IX. La seconde classe se compose d’hommes abîmés de dettes, mais ambitieux de pouvoir. Ils veulent dominer à tout prix. Sans espoir d’obtenir les honneurs, tant que la république sera tranquille, ils comptent s’y élever à la faveur des troubles. Je leur donnerai un seul conseil, et c’est le même que je donne à tous les autres. Qu’ils renoncent à l’espérance de voir leurs projets s’accomplir. Le premier obstacle, c’est moi, qu’ils trouveront partout pour sauver l’État et réprimer leurs complots ; ensuite, le courage des gens de bien, leur union, leur nombre immense, et de grandes forces militaires ; enfin, les dieux en qui ce peuple invincible, ce glorieux empire et cette reine des cités, ont, contre les attentats du crime, d’immortels protecteurs.
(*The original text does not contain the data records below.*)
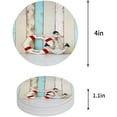 thumbnail image 1 of FMSHPON Anchor Welcome Board Set of 8 Round Coaster for Drinks, Absorbent Ceramic Stone Coasters Cup Mat with Cork Base for Home Kitchen Room Coffee Table Bar Decor, 1 of 4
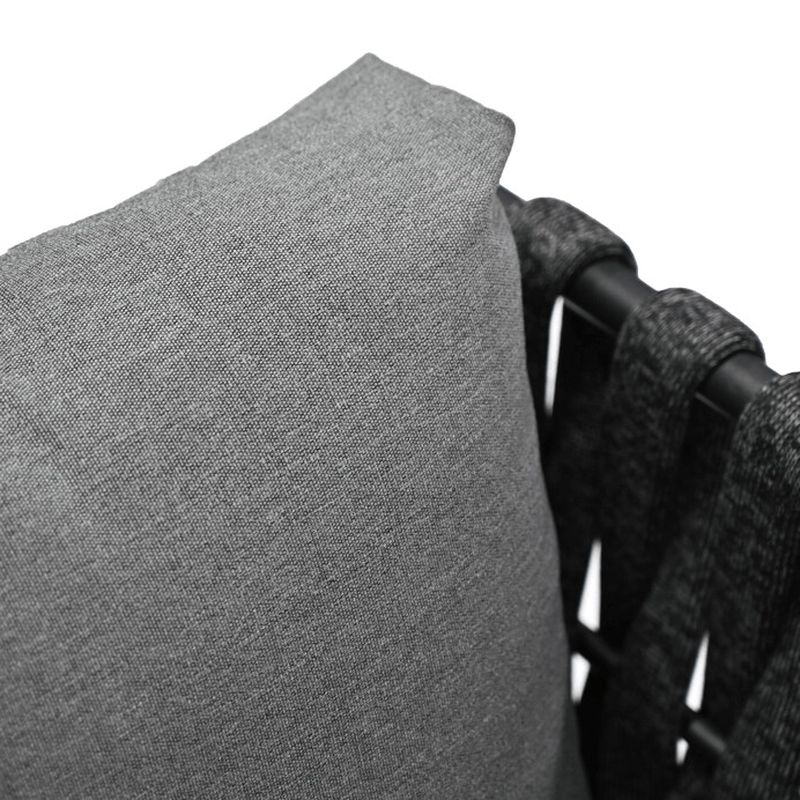 Záhradná zostava, kov, sivá látka, AZS-1604 GREY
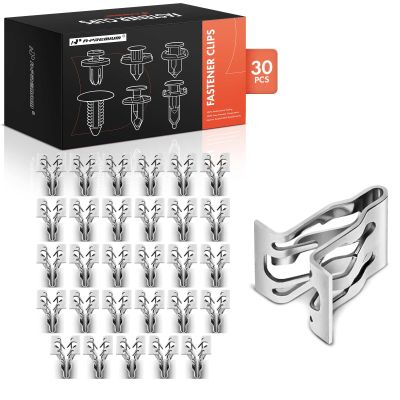 A-Premium 30PCS Metal Trim Panel Retainer Clips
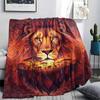1Pc Grasslandanimals Print Flannel Blanket, High quality Comfortable for All Seasons, Home Decor, Warmth and Comfort, Perfect for Christmas Gifts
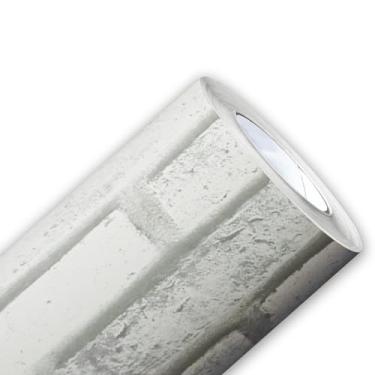 Imagem de Papel De Parede Adesivo Lavável Tijolo Aparente Branco Tijolinho Rústico a Vista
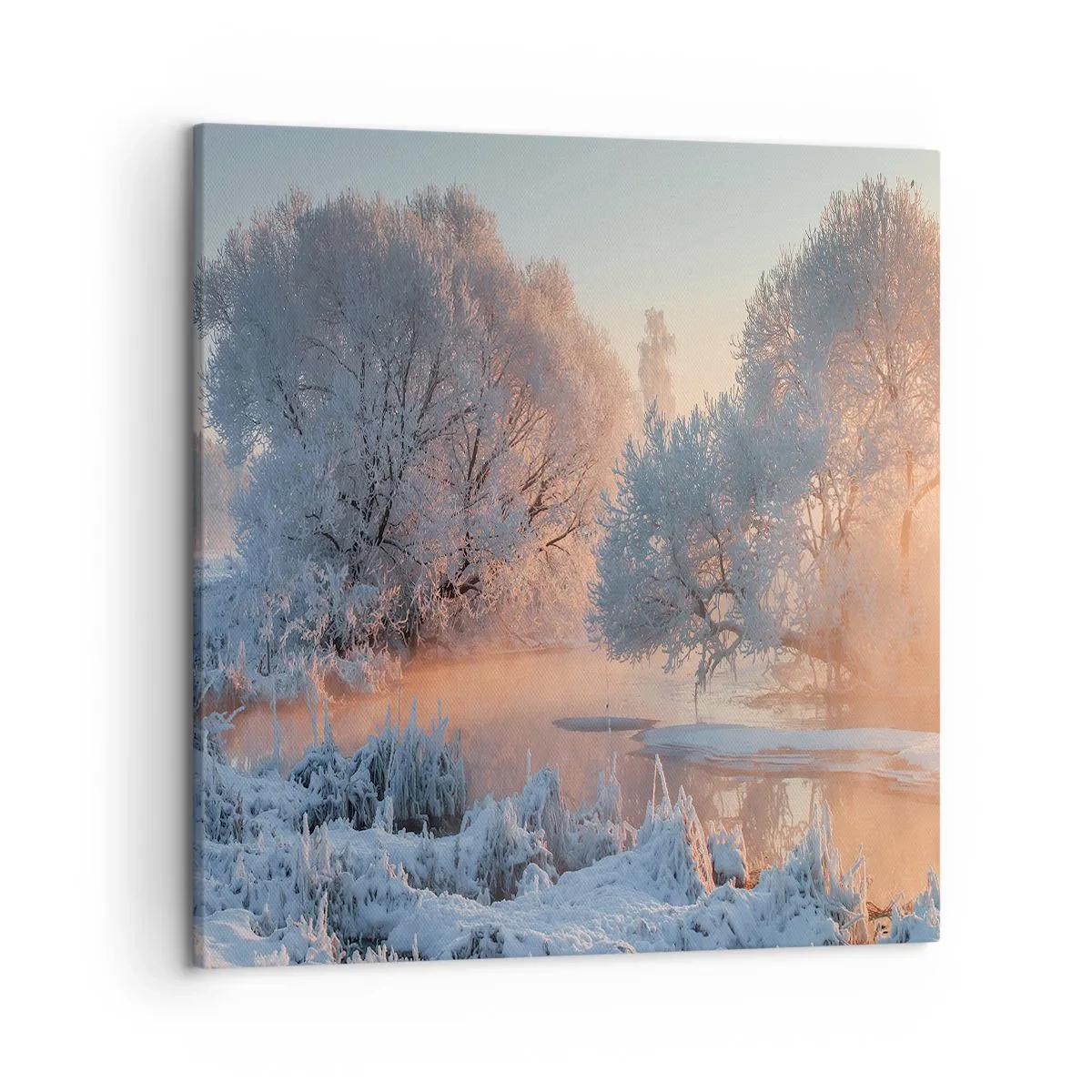 Quadro su tela - Stampe su Tela - Tutto brilla al sole nel cristallo - 50x50 cm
Et quand ils obtiendraient ce qu’ils convoitent avec tant de fureur, quand la vue de Rome en cendres, inondée du sang des citoyens, assouvirait leurs exécrables désirs, est-ce donc au milieu de ces débris qu’ils espèrent être consuls, dictateurs, ou même rois ? Ils ne voient pas qu’ils désirent un pouvoir qu’il leur faudrait céder, s’ils l’obtenaient, à quelque esclave échappé des fers, ou à quelque gladiateur.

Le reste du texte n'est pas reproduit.